CHECK: for every override / exemption / gate — does a bogus id silence nothing? is scope a real anchor, not a token? do prose / code-span / suffix / cross-ref decoys fail in EVERY form (single + multi-backtick, fenced + tilde)? does the matcher catch every spelling (string prefixes, zero / extra whitespace, digit ids)? does the tool satisfy its own rule? is the class gated EVERYWHERE (grep, don't trust "I fixed the named site")? do the primary and fallback implementations accept the identical input set — confirmed on the MIN runtime, not just the dev shell? And: have I now patched this format-matcher more than once? If so, replace it with a state machine / parser before the next round — don't ship a third alternation.


Round-2 prevention

The fix loop

A fix responding to a review finding is a build — give it the same pre-flight. After folding: (a) confirm the fix FULLY resolves the finding; (b) self-review the fix against modes 1–10 (a fix that adds a field can introduce a mode-1/2/4 defect; a docstring claim a mode-5/8; a control a mode-9; a matcher / override a mode-10); (c) re-run the full suite; THEN push. Round 2 should be empty because you, not the reviewer, caught the regression.
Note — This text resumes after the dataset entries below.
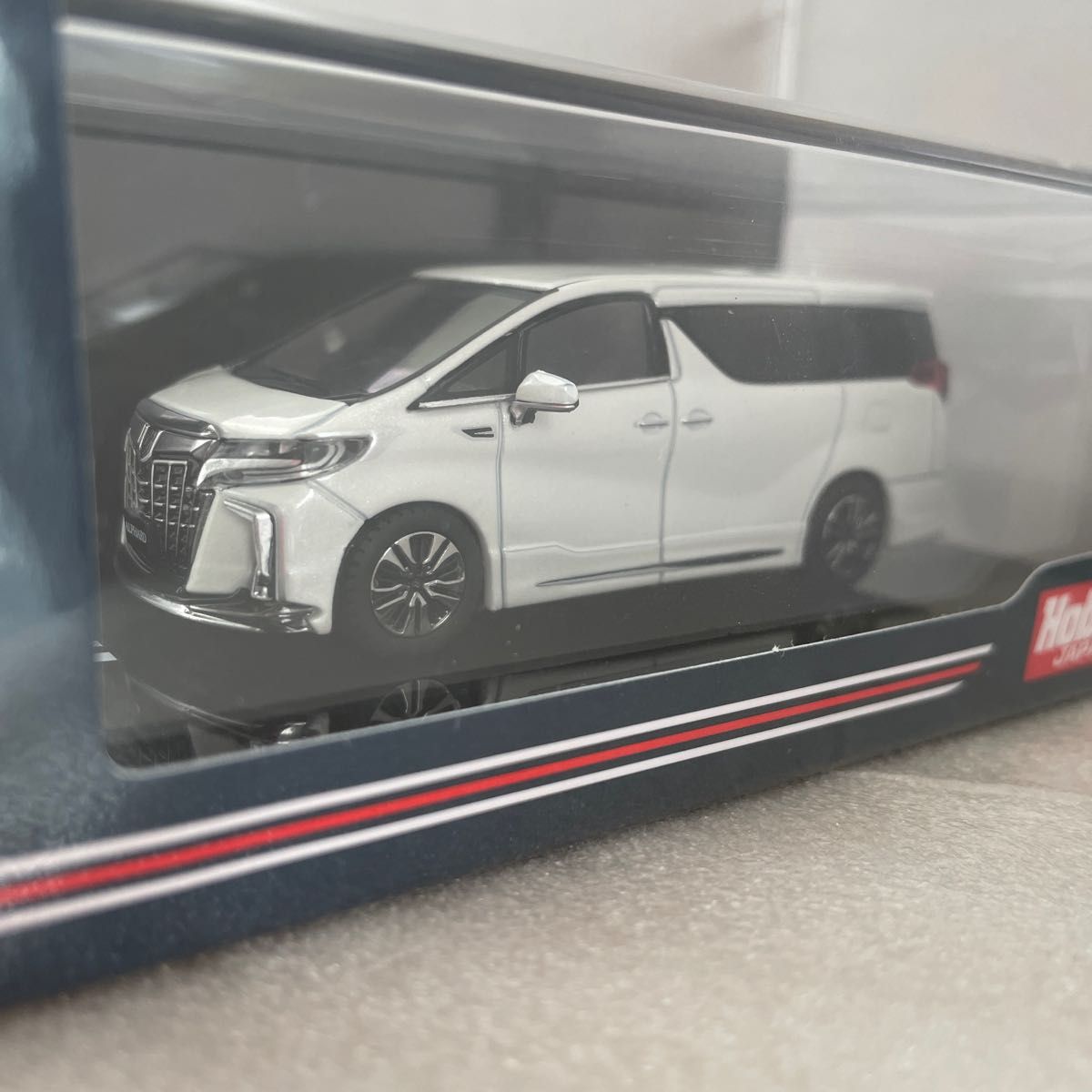 新品未開封品★モデリスタエアロ仕様パール★1/64 トヨタ アルファード ミニカー ホビージャパン 京商 イグニッションモデル等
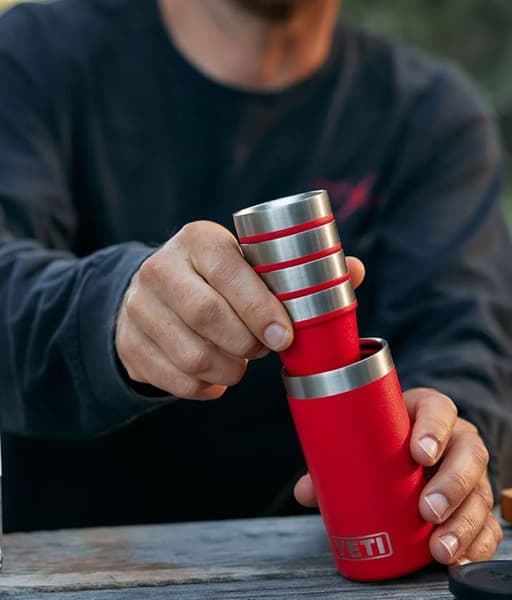 Rambler Shot Glasses with Carrying Case Black, view: 5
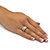 1/4 TCW Round Diamond Platinum over Sterling Silver Bridal Engagement Ring Set-13 at Direct Charge presents PalmBeach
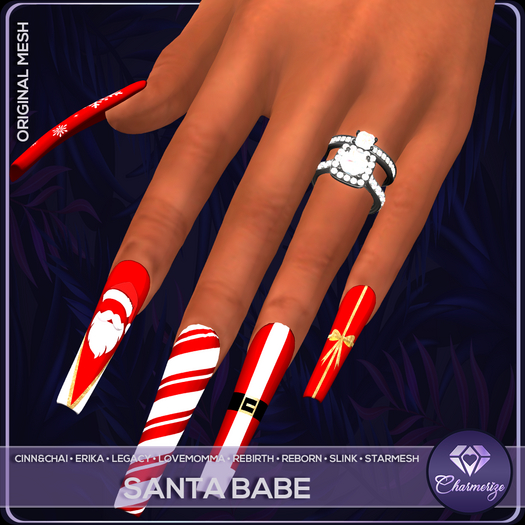 Santa Babe - Coffin Nails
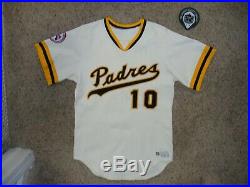 San Diego Padres #10 Bill Almon game issued Jersey, 1976 NL Centennial Patch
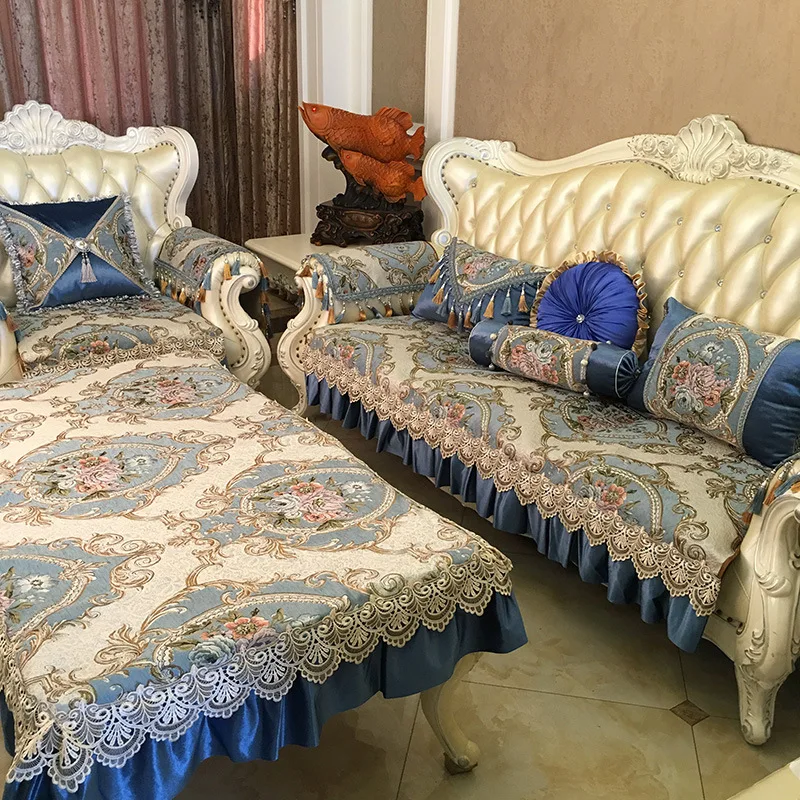 

Креативные шенилле полотенца для дивана, защита для мебели, Европейский роскошный четырехсезонный обычный диван, противоскользящий диван, ...
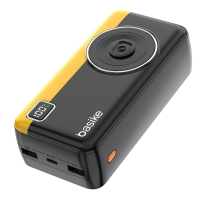 Power Bank 30000mAh, Basike Carregador Portátil 2 Saídas USB-A(até 22.5W) + Tipo-C(até 22.5W) na Amazon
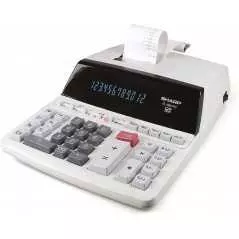 Calculatrice de bureau SHARP EL-2607V Gris | 12 Chiffres | Double Alimentation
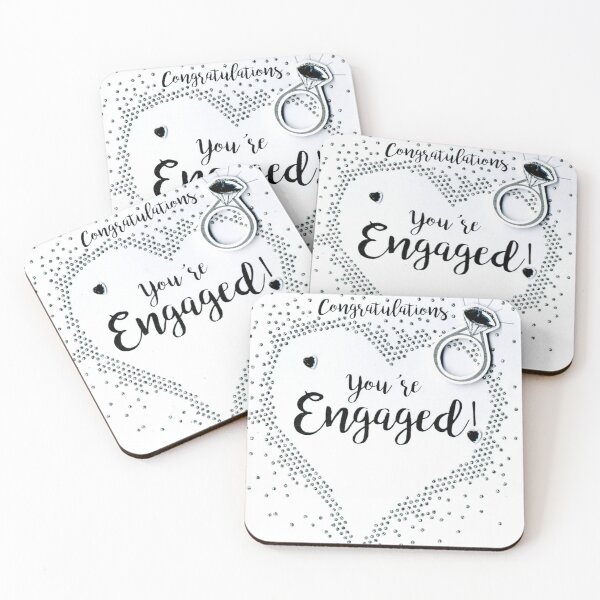 Item preview, congratulation you're engaged designed and sold by FunnyDio.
Verify on the minimum runtime

A green dev-shell run is NOT a green min-runtime run, and the gap is a free review round. Shell gates commonly run under set -euo pipefail on macOS /bin/bash 3.2 in a UTF-8 locale — where an unbraced $VAR adjacent to a multibyte character is parsed as one (unbound) name and aborts under set -u, a break that newer bash and Linux CI both hide. Before "ready," run the shell aggregate on the oldest supported shell under LC_ALL=…UTF-8, and the interpreted languages on their pinned versions. Brace expansions adjacent to non-word characters; test the floor, not the ceiling.

The SHALLOW-CHECK trap

The most common round-2 P1 is a fix that adds the right kind of check but stops short, so the next review round walks straight around it. The guard exists; it just doesn't cover the whole surface.

CHECK: ask "what's the SMALLEST input that satisfies my new guard but still breaks downstream?" and test THAT. Enumerate the input shapes (empty / whitespace / wrong-type-but-truthy / non-iterable / duplicate-across-records / forged-but-well-shaped) and cover the axis, not one point on it. And before pushing a fix, read the existing self-tests / regressions — a too-aggressive guard that breaks a legitimate pinned case is itself a round-2 regression.